The following is a fair and balanced article about my hero, Tennent H. Bagley, but one thing the author left out near the end is the distinct possibility that the collapse of the Soviet Union was planned.

That's what one of Bagley's and Angleton's main sources of information, true defector and KGB major Anatoliy Golitsyn believed.
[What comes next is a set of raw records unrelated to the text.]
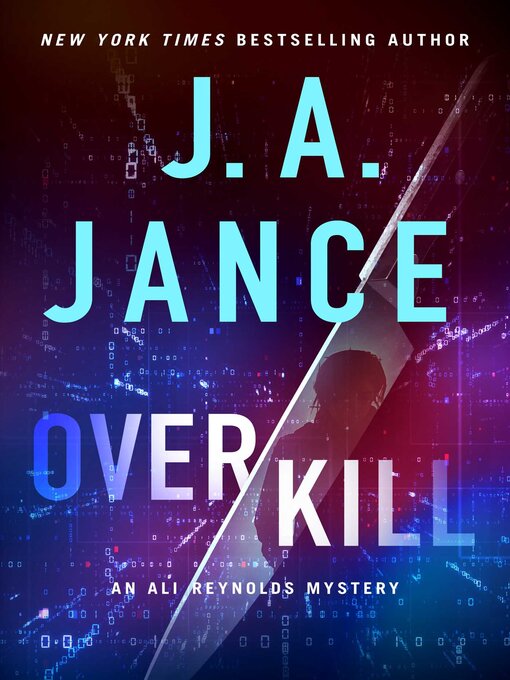 Title details for OverKill by J.A. Jance - Wait list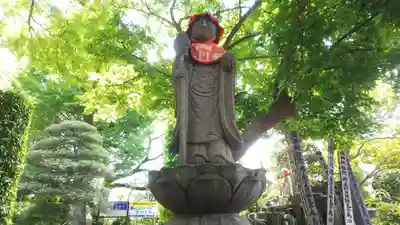 相頓寺の地蔵
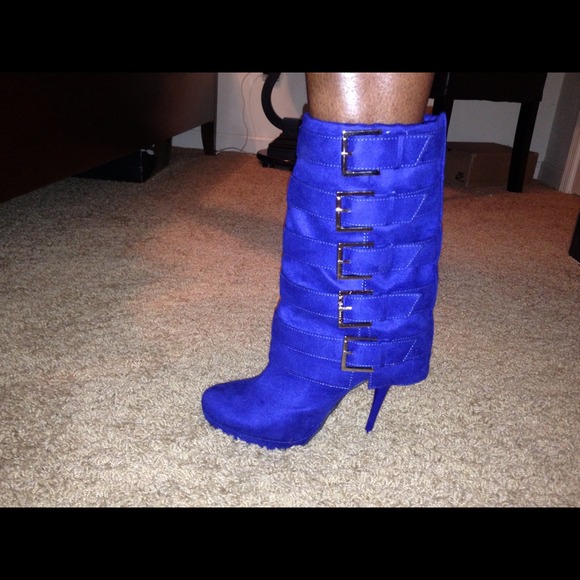 Michael Antonio Mid Boot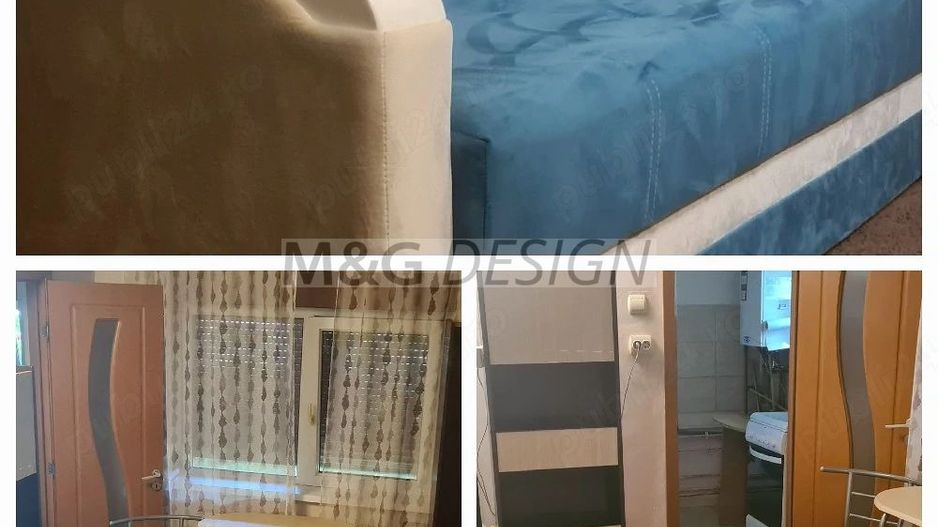 2 camere cu centrala  Sagului -Unicarm - Poză 2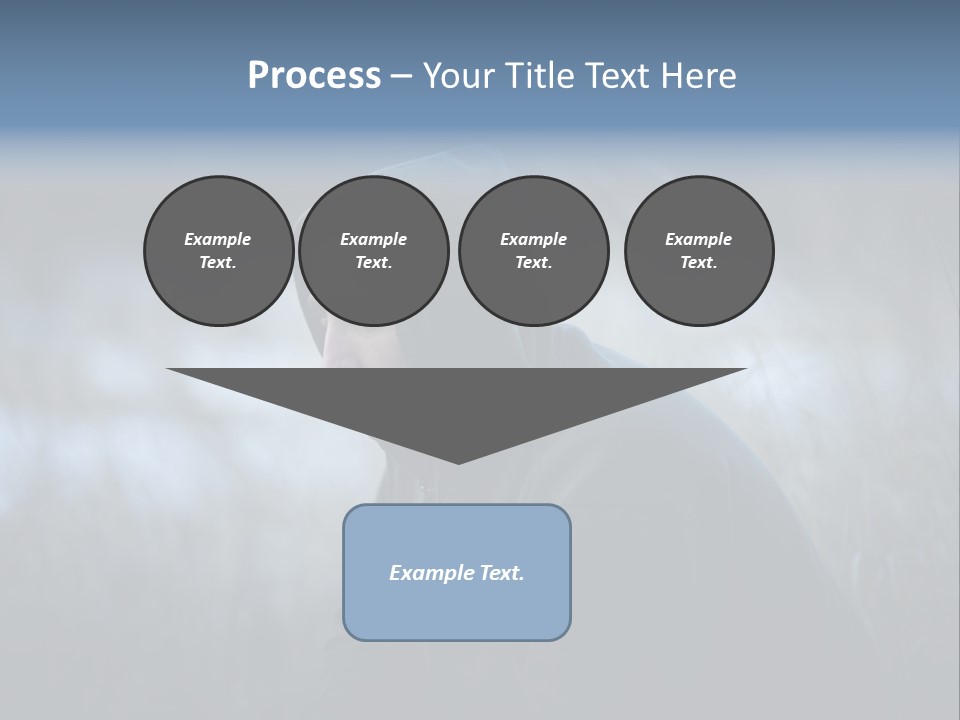 People Young Tough PowerPoint Template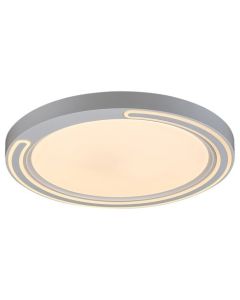 Rabalux Plafonjera Triton LED 40W bela (2249) - 2249-1-1-1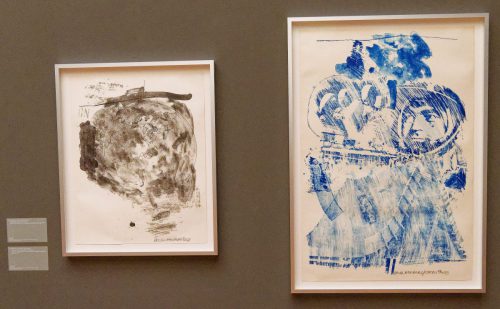 Museum Ludwig - Ausstellung 5 Freunde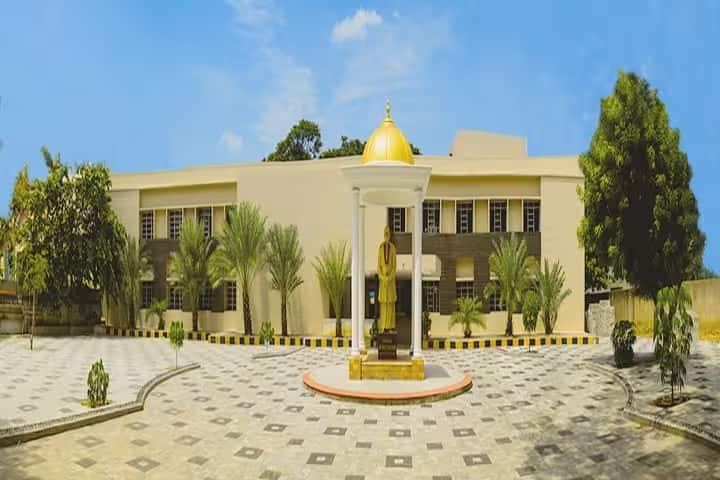 Avichi College of Arts and Science, Chennai campus in Chennai, Tamil Nadu, India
Bagley and Angleton were wise enough to realize that KGB officer Yuri Nosenko, ostensibly needing $250, had "walked into" CIA in Geneva in June 1962 (and who, shortly after the assassination of JFK, had ostensibly left his family behind and "defected" to the U.S. in January 1964) had done so in order to discredit what Golitsyn, who had defected to the U.S. in December 1961, was telling CIA about "moles" and KGB double-agents who had penetrated the CIA and FBI as well as the intelligence services of our allies.

The article:

https://observer.com/2007/02/the-spy-who-came-in-from-geneva-nosenko-the-kgb-defector/?fbclid=IwAR0U_bCIhD71s2GdDAGnDm-TU-aUsu8OxUvczKvIOPwnDTKBb1hFWByWakc

Cheers!

--  MWT  ;)


I don’t think Helms was very impressed. And Osborne felt the need to spike Bagely’s career, with this:

https://www.archives.gov/files/research/jfk/releases/docid-32359254.pdf


 TOP SECRET

13 October 1970

MEMORANDUM FOR THE RECORD

Subject: BAGELY, Tennant, Harrington

#386 38

1) On Wednesday, 7 October 1970 I briefed Colonel L. K. White, Executive  Director-Controller on certain reservations I have concerning the proposed promotion of subject to a supergrade position.
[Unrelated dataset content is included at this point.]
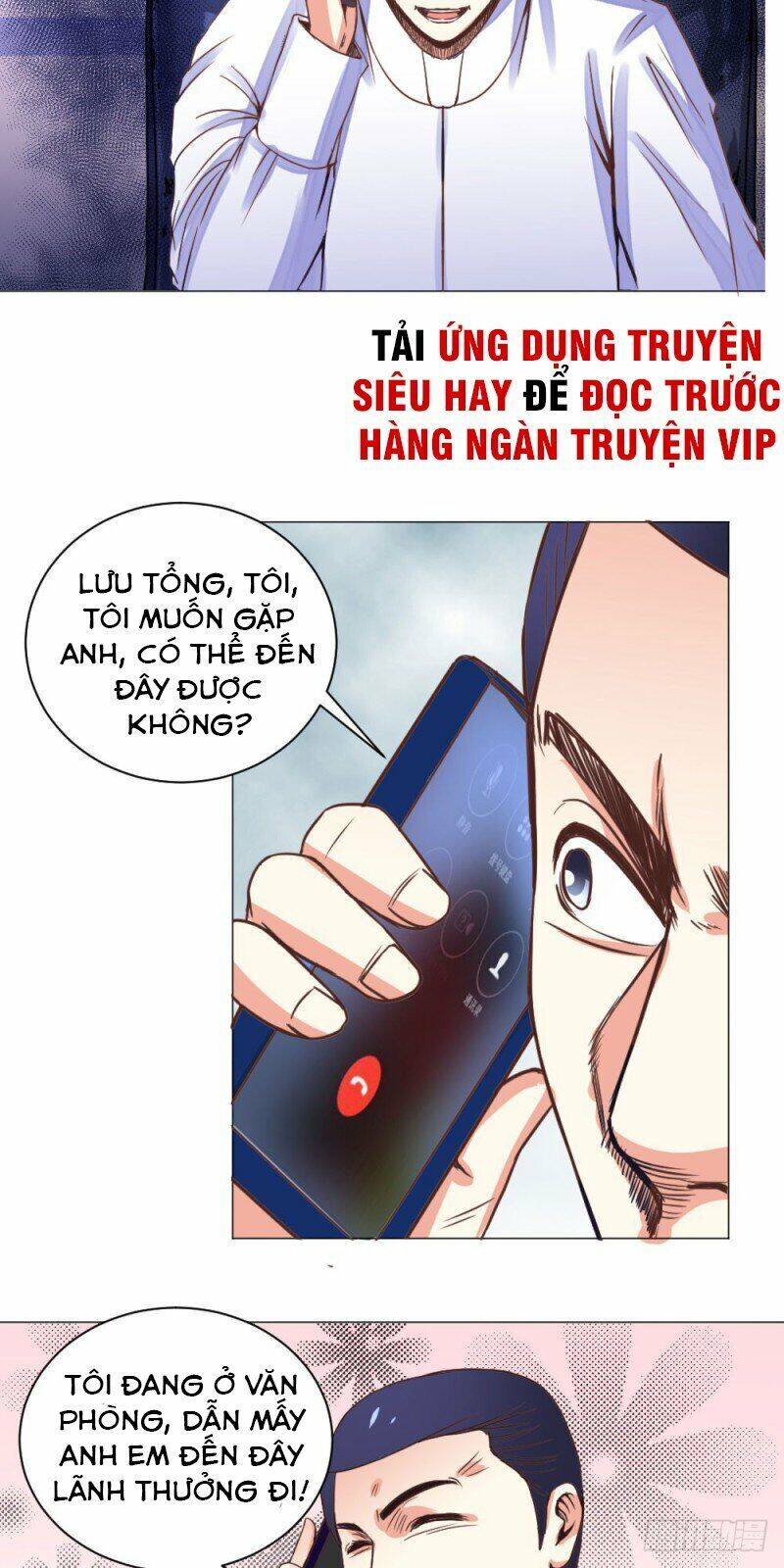 Thấu Thị Y Thánh Chapter 11 - Trang 25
 2)  I was very careful to explain to Colonel White at the outset that my reservations had nothing whatsoever to do with Bagely's security status. I explained that it was my conviction that Bagely was almost exclusively responsible for the manner in which the Nosenko case had been handled by our SR division. I said I considered that Bagely lacked objectivity and that he had displayed extremely poor judgment over a two year period in the handling of this case. Specifically as one example of Bagely's extreme prejudice I pointed out that the SR division had neglected to follow up several leads provided by Nosenko which subsequently had been followed up by this office (Bruce Solie) and that this lead us to individuals who have confessed their recruitment and use by the Soviets over an extensive period of time.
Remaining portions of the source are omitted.